* _PROBLEM DETAILS_
Would you return the listing exactly as written, apart from its pictures?

* _DATA FOR THE TASK_
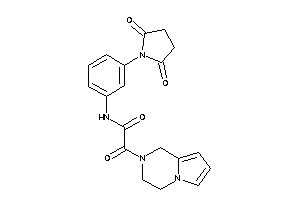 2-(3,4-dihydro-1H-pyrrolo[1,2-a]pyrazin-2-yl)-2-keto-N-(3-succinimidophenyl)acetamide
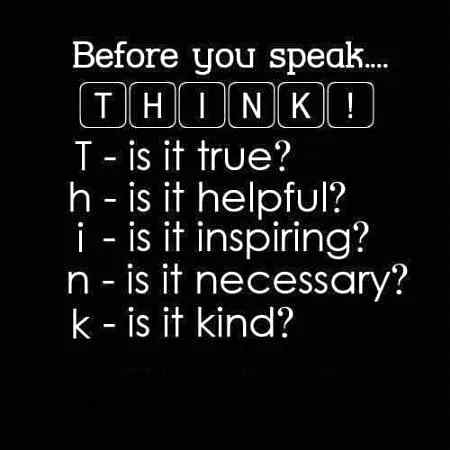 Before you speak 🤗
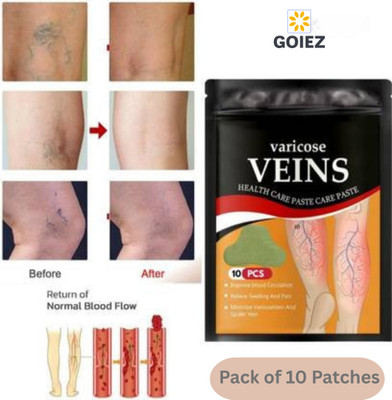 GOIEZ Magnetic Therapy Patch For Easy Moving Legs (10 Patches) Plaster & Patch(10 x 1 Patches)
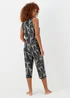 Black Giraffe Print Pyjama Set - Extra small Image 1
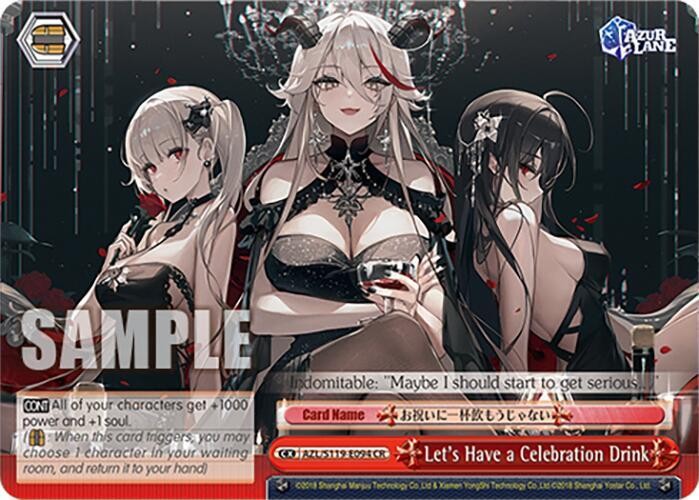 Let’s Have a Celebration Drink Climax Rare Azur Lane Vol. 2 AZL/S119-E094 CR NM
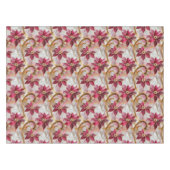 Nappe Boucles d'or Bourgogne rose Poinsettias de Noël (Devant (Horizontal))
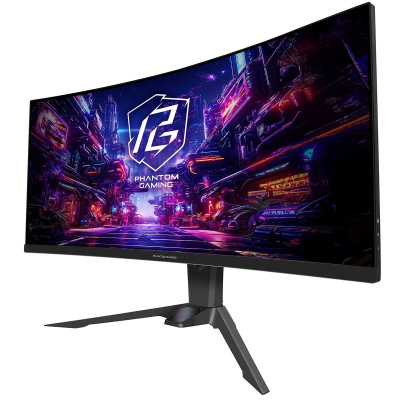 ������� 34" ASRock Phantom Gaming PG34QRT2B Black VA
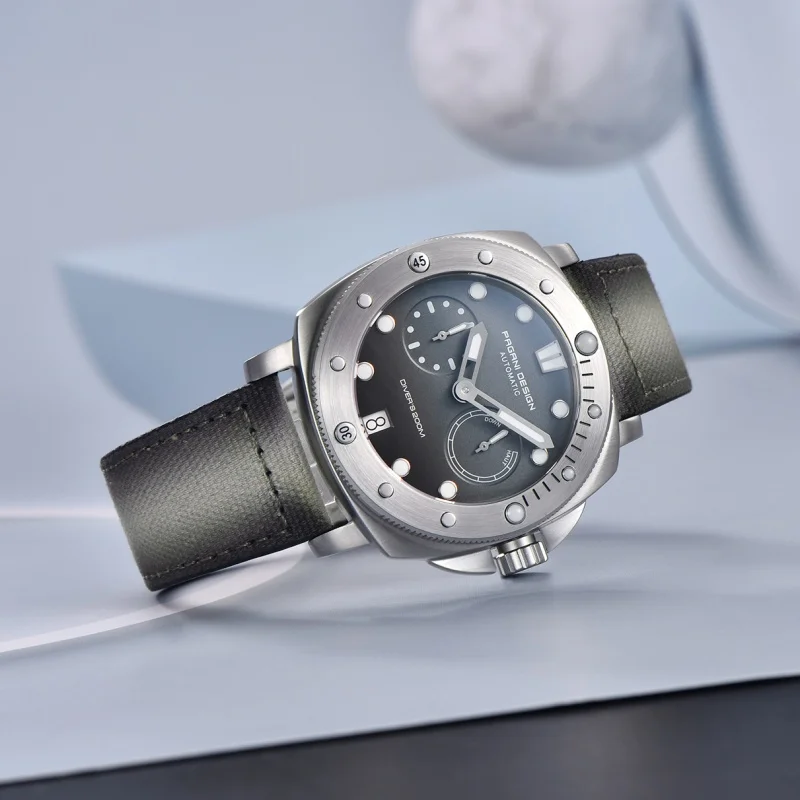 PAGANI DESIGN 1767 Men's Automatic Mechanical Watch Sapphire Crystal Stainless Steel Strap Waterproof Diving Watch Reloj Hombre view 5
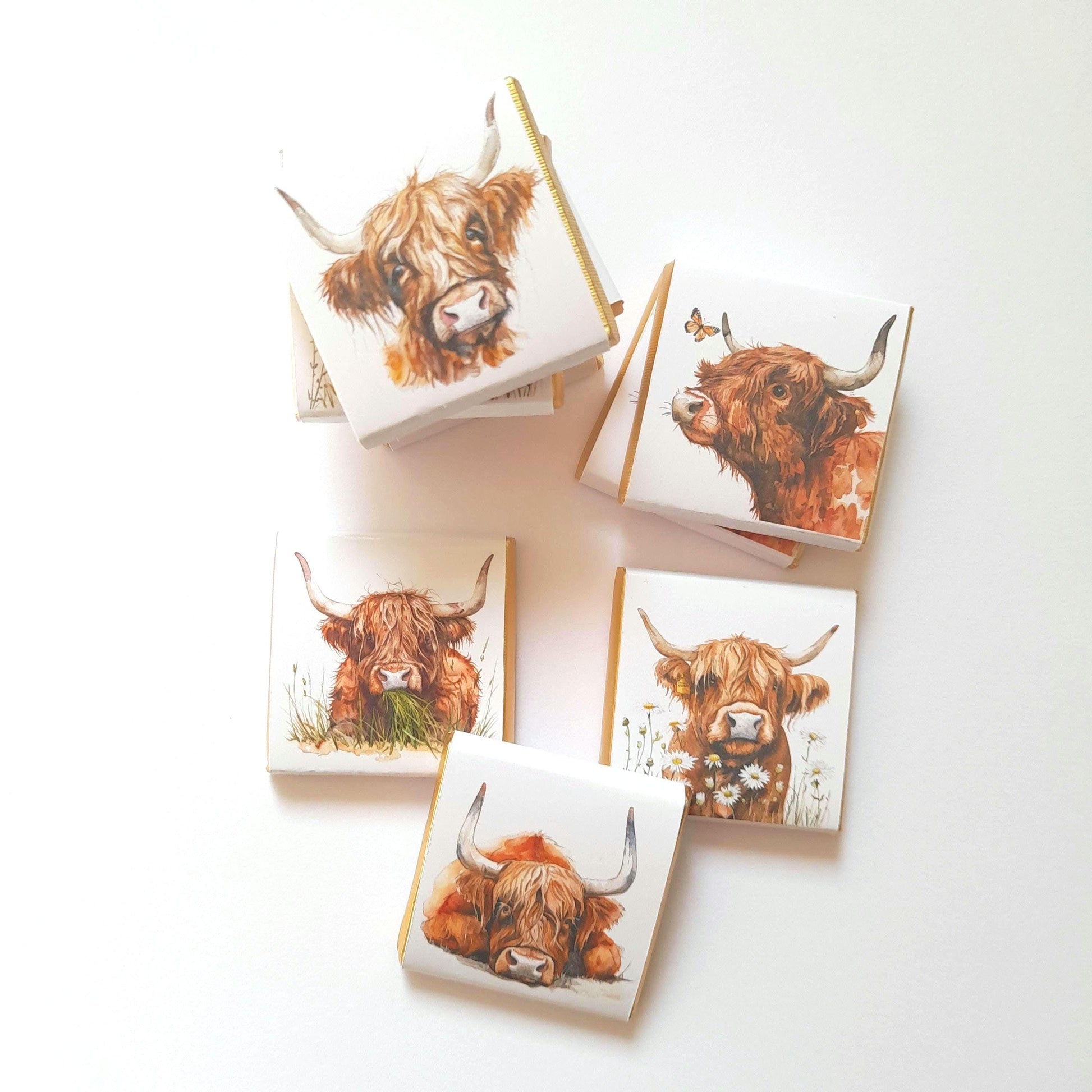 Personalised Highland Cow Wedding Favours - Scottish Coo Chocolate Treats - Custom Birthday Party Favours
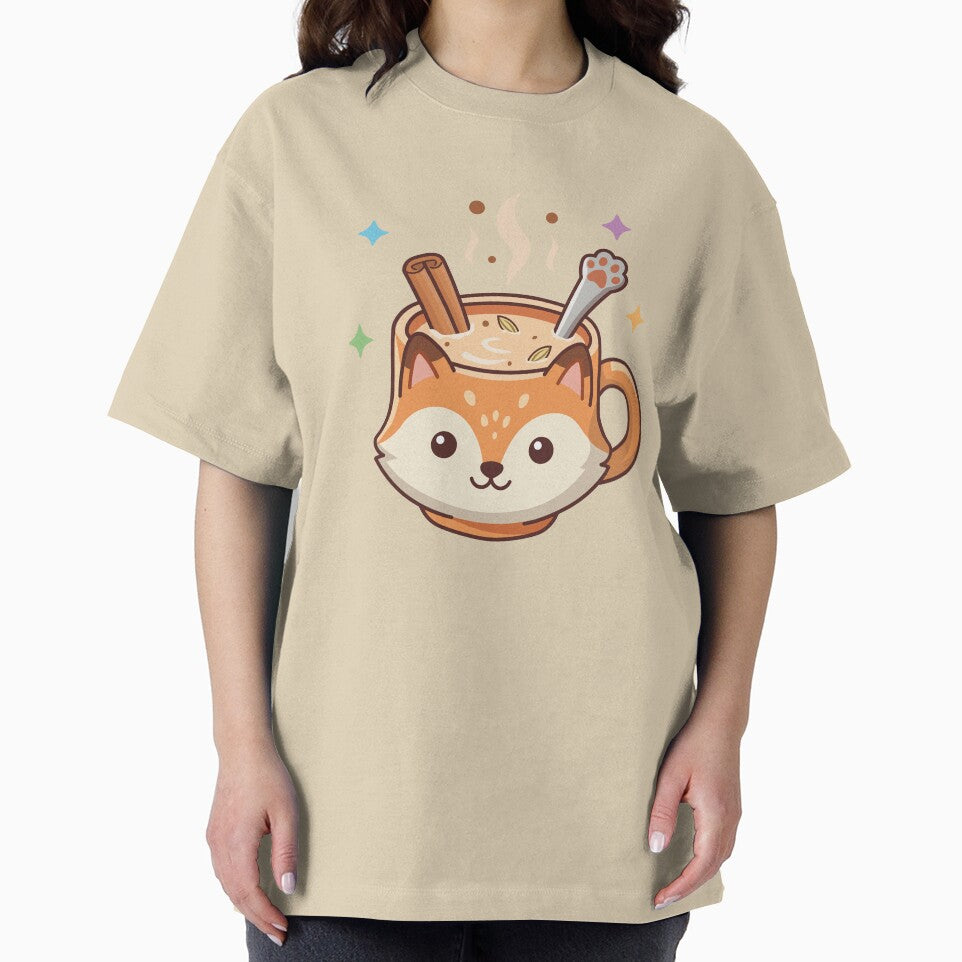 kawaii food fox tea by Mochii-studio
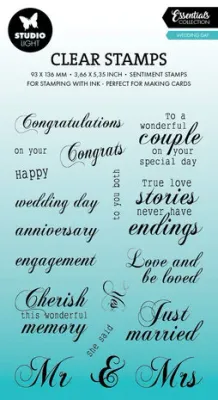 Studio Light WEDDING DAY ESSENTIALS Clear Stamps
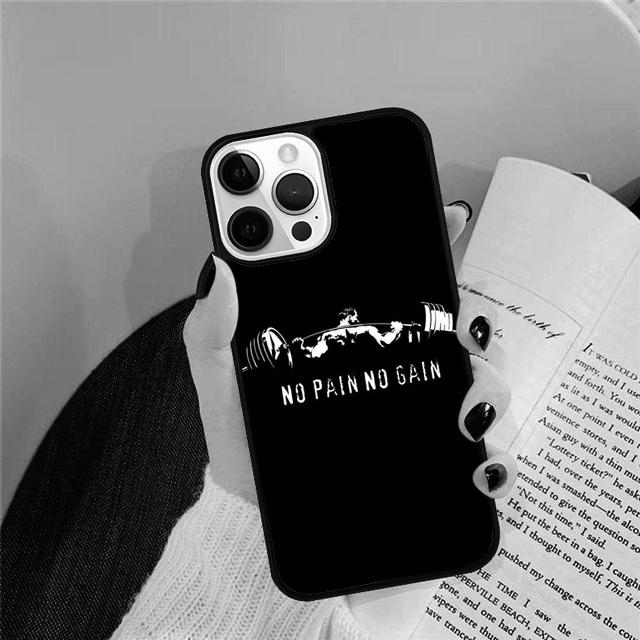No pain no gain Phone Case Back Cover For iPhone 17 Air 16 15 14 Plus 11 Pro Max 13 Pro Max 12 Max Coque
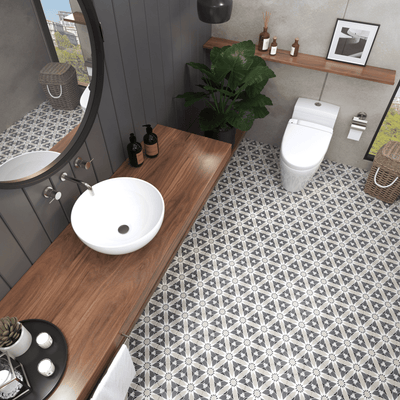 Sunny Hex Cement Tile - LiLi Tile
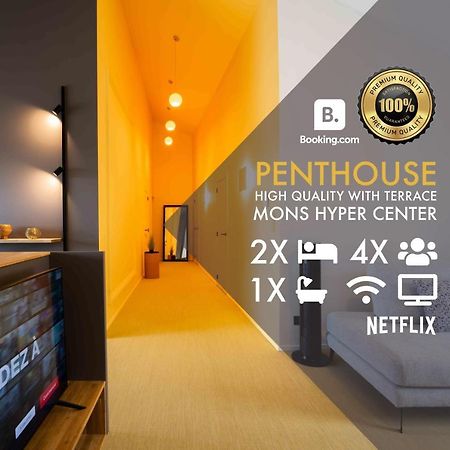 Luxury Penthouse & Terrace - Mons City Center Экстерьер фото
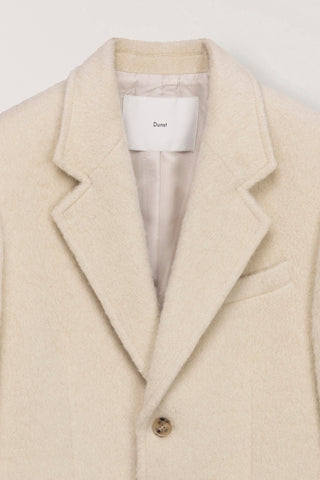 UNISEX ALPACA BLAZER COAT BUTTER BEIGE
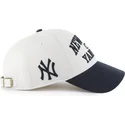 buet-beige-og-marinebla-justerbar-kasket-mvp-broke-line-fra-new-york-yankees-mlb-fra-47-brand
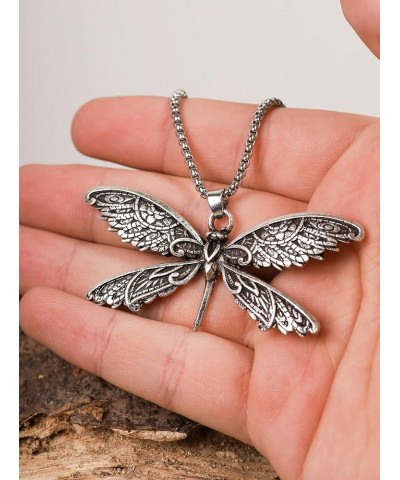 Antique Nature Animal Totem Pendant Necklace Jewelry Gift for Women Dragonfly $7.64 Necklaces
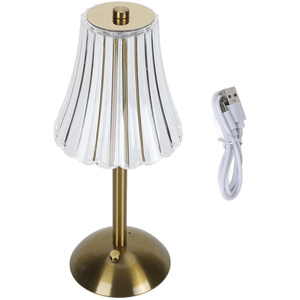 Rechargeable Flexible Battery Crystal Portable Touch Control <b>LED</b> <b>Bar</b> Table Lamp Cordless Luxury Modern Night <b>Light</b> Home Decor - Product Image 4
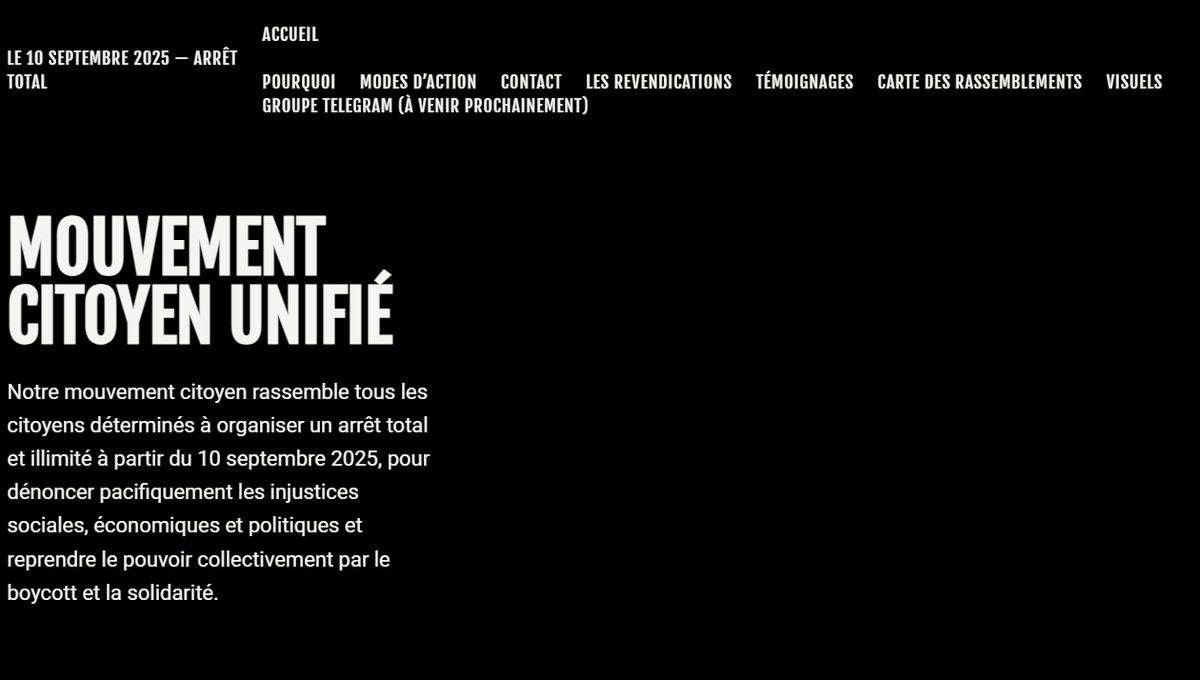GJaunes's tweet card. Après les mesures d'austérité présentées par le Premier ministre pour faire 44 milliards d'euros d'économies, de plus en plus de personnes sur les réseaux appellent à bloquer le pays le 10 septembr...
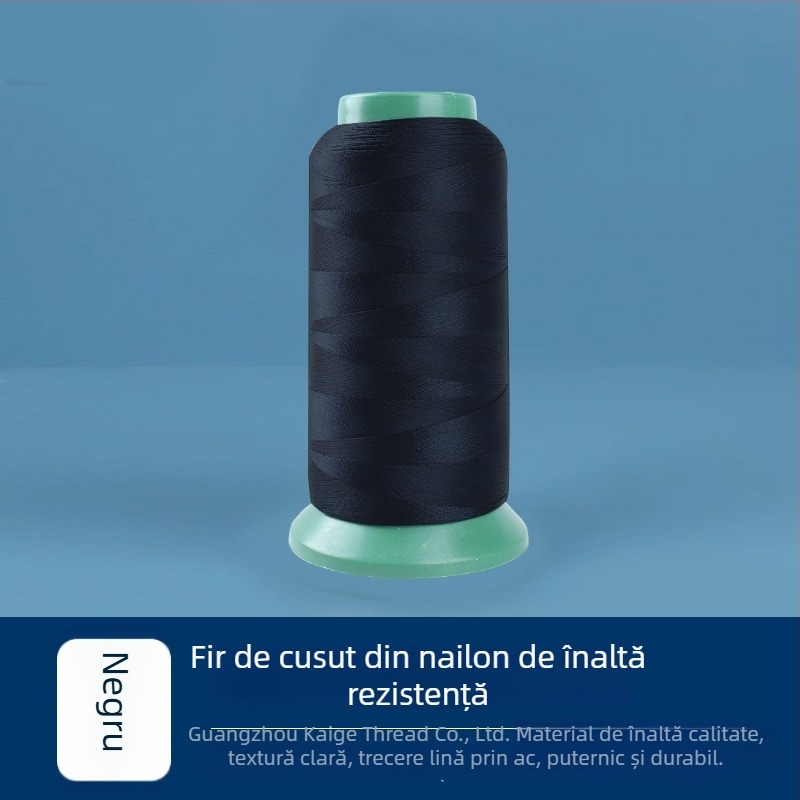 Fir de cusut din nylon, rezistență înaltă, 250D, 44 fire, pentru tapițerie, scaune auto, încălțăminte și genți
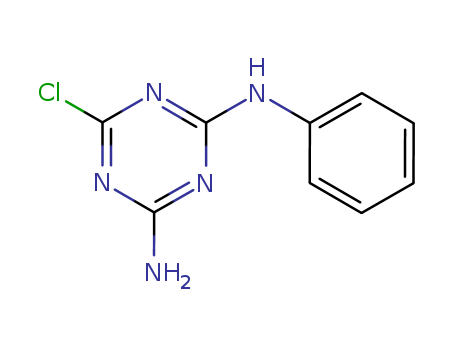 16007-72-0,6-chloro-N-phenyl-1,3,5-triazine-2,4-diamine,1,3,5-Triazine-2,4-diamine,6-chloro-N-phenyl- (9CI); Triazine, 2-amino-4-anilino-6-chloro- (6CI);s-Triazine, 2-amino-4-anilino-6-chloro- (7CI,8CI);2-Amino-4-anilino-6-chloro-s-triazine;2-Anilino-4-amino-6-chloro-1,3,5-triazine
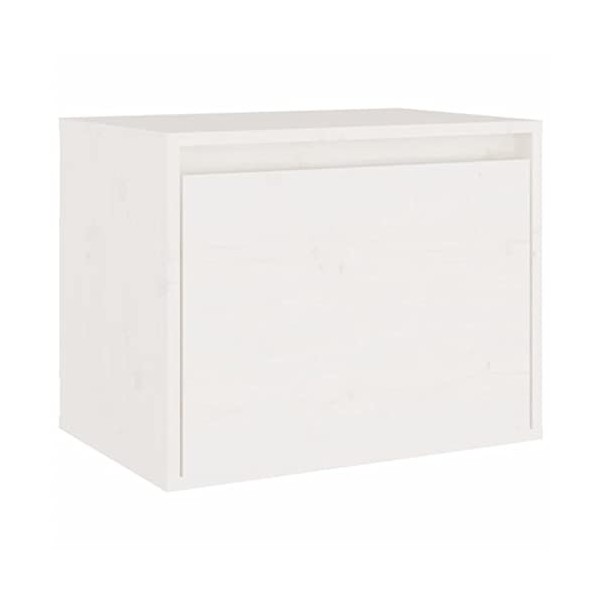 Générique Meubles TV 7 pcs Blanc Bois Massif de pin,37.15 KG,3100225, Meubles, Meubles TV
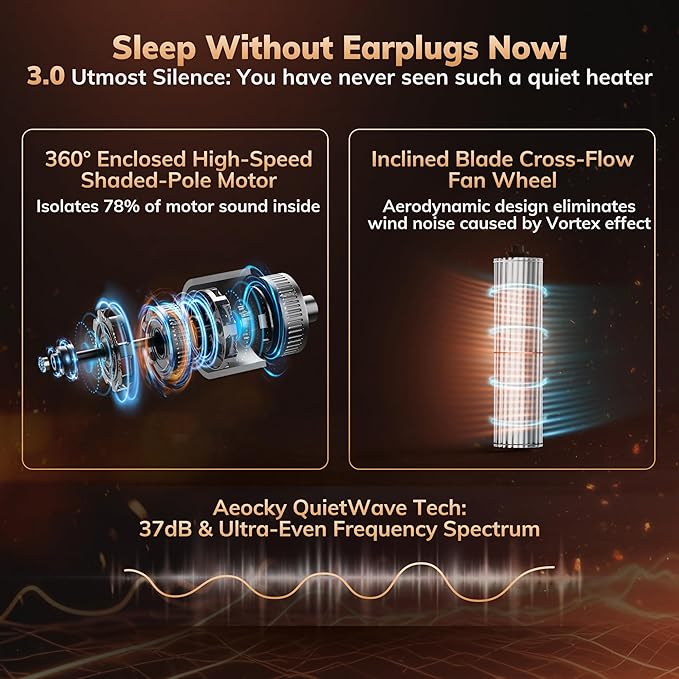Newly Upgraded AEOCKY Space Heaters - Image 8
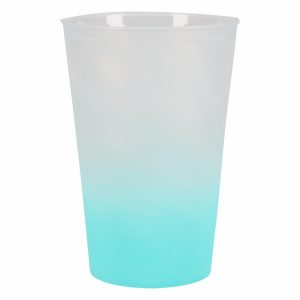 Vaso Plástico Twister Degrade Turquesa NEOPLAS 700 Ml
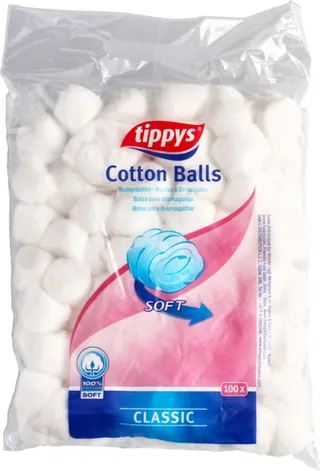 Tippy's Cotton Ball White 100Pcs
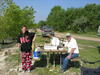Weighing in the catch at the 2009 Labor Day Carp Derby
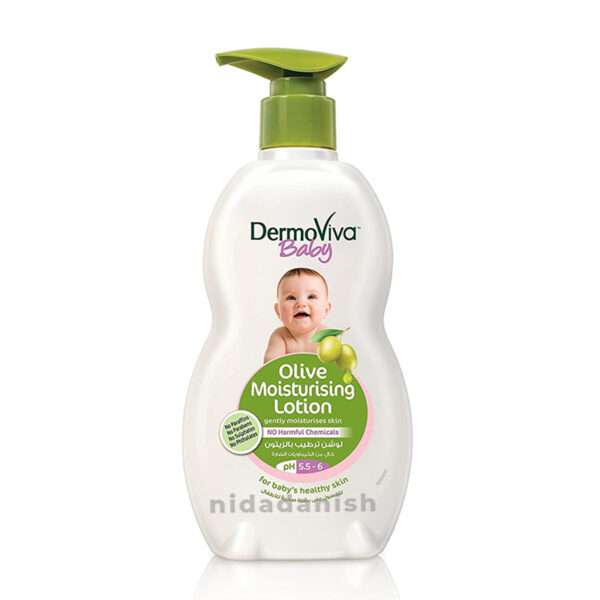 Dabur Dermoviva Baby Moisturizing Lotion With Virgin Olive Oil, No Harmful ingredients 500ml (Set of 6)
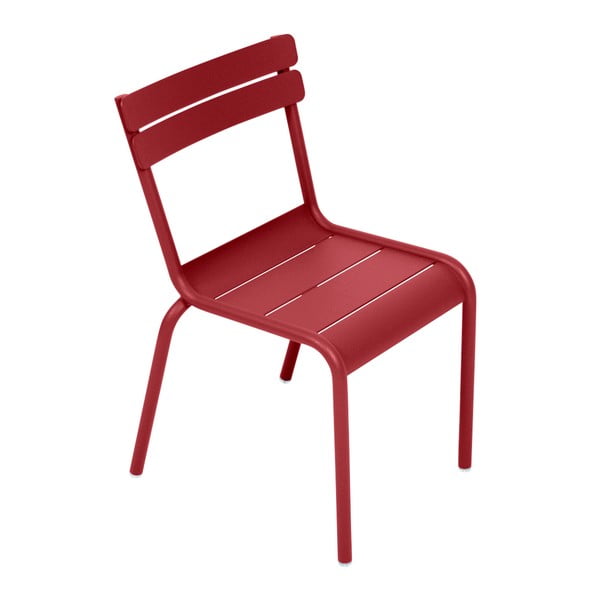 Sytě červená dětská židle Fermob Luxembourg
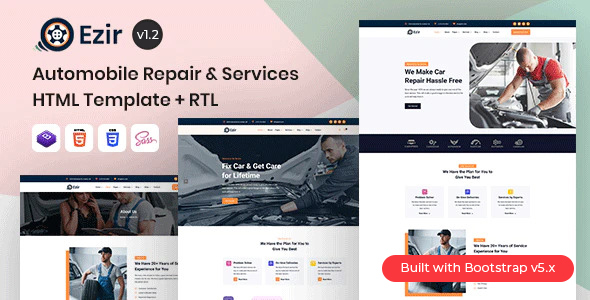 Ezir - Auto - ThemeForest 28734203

* _ANSWER SPACE_
 2-(3,4-dihydro-1H-pyrrolo[1,2-a]pyrazin-2-yl)-2-keto-N-(3-succinimidophenyl)acetamide
 Before you speak 🤗
 GOIEZ Magnetic Therapy Patch For Easy Moving Legs (10 Patches) Plaster & Patch(10 x 1 Patches)
 Black Giraffe Print Pyjama Set - Extra small Image 1
 Let’s Have a Celebration Drink Climax Rare Azur Lane Vol. 2 AZL/S119-E094 CR NM
 Nappe Boucles d'or Bourgogne rose Poinsettias de Noël (Devant (Horizontal))
 ������� 34" ASRock Phantom Gaming PG34QRT2B Black VA
 PAGANI DESIGN 1767 Men's Automatic Mechanical Watch Sapphire Crystal Stainless Steel Strap Waterproof Diving Watch Reloj Hombre view 5
 Personalised Highland Cow Wedding Favours - Scottish Coo Chocolate Treats - Custom Birthday Party Favours
 kawaii food fox tea by Mochii-studio
 Studio Light WEDDING DAY ESSENTIALS Clear Stamps
No pain no gain Phone Case Back Cover For iPhone 17 Air 16 15 14 Plus 11 Pro Max 13 Pro Max 12 Max Coque
 Sunny Hex Cement Tile - LiLi Tile
 Luxury Penthouse & Terrace - Mons City Center Экстерьер фото
 UNISEX ALPACA BLAZER COAT BUTTER BEIGE
 buet-beige-og-marinebla-justerbar-kasket-mvp-broke-line-fra-new-york-yankees-mlb-fra-47-brand
 Antique Nature Animal Totem Pendant Necklace Jewelry Gift for Women Dragonfly $7.64 Necklaces
 Rechargeable Flexible Battery Crystal Portable Touch Control <b>LED</b> <b>Bar</b> Table Lamp Cordless Luxury Modern Night <b>Light</b> Home Decor - Product Image 4
GJaunes's tweet card. Après les mesures d'austérité présentées par le Premier ministre pour faire 44 milliards d'euros d'économies, de plus en plus de personnes sur les réseaux appellent à bloquer le pays le 10 septembr...
 Fir de cusut din nylon, rezistență înaltă, 250D, 44 fire, pentru tapițerie, scaune auto, încălțăminte și genți
 16007-72-0,6-chloro-N-phenyl-1,3,5-triazine-2,4-diamine,1,3,5-Triazine-2,4-diamine,6-chloro-N-phenyl- (9CI); Triazine, 2-amino-4-anilino-6-chloro- (6CI);s-Triazine, 2-amino-4-anilino-6-chloro- (7CI,8CI);2-Amino-4-anilino-6-chloro-s-triazine;2-Anilino-4-amino-6-chloro-1,3,5-triazine
 Générique Meubles TV 7 pcs Blanc Bois Massif de pin,37.15 KG,3100225, Meubles, Meubles TV
Newly Upgraded AEOCKY Space Heaters - Image 8
 Vaso Plástico Twister Degrade Turquesa NEOPLAS 700 Ml
 Tippy's Cotton Ball White 100Pcs
Weighing in the catch at the 2009 Labor Day Carp Derby
 Dabur Dermoviva Baby Moisturizing Lotion With Virgin Olive Oil, No Harmful ingredients 500ml (Set of 6)
 Sytě červená dětská židle Fermob Luxembourg
 Ezir - Auto - ThemeForest 28734203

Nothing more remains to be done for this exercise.